Он предложил мне вдову на шесть или семь лет старше меня с двумя детьми. Ее отец Бериш Бельцер был управляющим пивоварней, принадлежавшей какому-то австрийскому барону. (До войны Галиция подчинялась императору Францу-Иосифу.) Когда не было сильного тумана, можно было разглядеть трубу пивоварни в шапке черного дыма.

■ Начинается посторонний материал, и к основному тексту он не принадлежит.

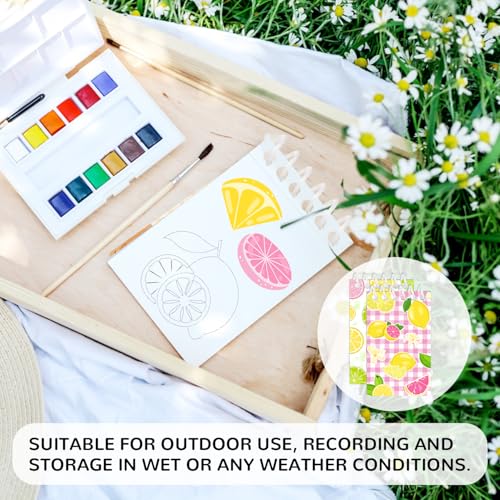 Lemon Mini Spiral Notebooks 24 Pcs Party Favors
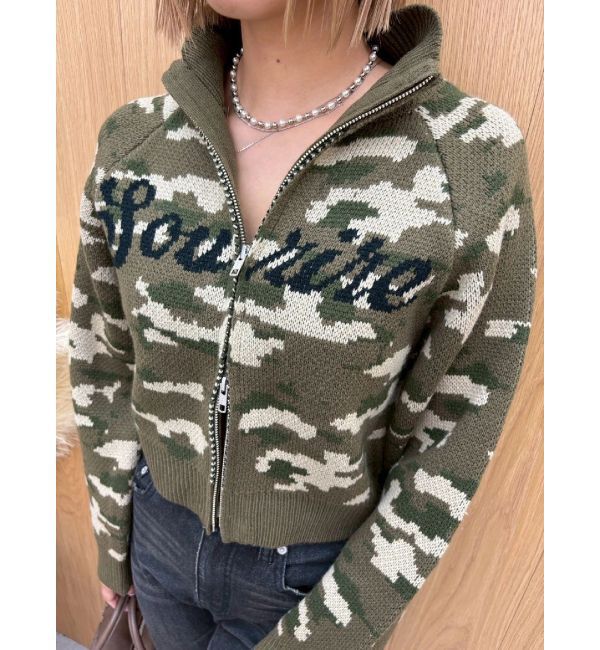 EVRIS「コンパクトジャガードニットトップス」|ニット・セーター|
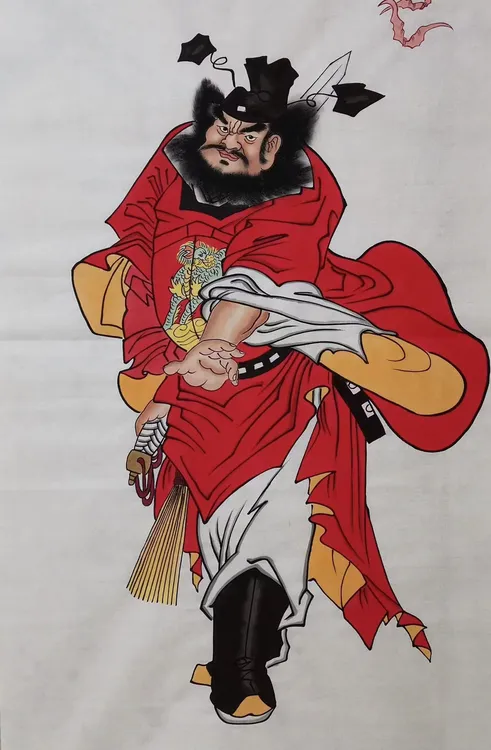 三尺钟馗尺寸80厘米x1米办公室家居空间装饰画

Бериш Бельцер пришел поговорить со мной в дом учения. У него была небольшая бородка цвета пива. Одет он был в лисью шубу и котелок. Из кармана шелковой жилетки свисала серебряная цепочка от часов. Побеседовав со мной несколько минут, он сказал:
— Я смотрю, вы не предприниматель.
— Боюсь, что вы правы.
— Так кто же вы в таком случае?
И вопрос о женитьбе был закрыт. Неожиданно по почте пришли новости из Варшавы. Брат затеял выпускать литературный еженедельник — мне предлагалась должность корректора. Он написал, что я мог бы публиковать в его журнале свои рассказы, если, конечно, они будут не ниже определенного уровня. Сразу же после прихода письма мое здоровье резко улучшилось. Кашель практически прошел. Ко мне вернулся аппетит. Я стал таким прожорливым, что мама даже начала беспокоиться. Вместе с письмом брат вложил в конверт первый номер журнала, содержащий обсуждение нового произведения Томаса Манна «Волшебная гора» и стихи, написанные верлибром, с кубистскими иллюстрациями, а также рецензию на поэтический сборник под названием «Башмак за обшлагом». В публикуемых статьях говорилось о крушении старого мира и рождении нового духа и нового человека, подвергающего переоценке все ценности. Была напечатана глава из книги Освальда Шпенглера «Закат Европы»; переводы стихов Александра Блока, Маяковского и Есенина. За годы войны выросло новое поколение американских писателей, и вот их работы наконец начали выходить в Польше. Нет, я не мог позволить себе прозябать в Старом Стыкове! Единственным, что удерживало меня от немедленного отъезда, было отсутствие денег на железнодорожный билет. Их должны были вскоре прислать из Варшавы.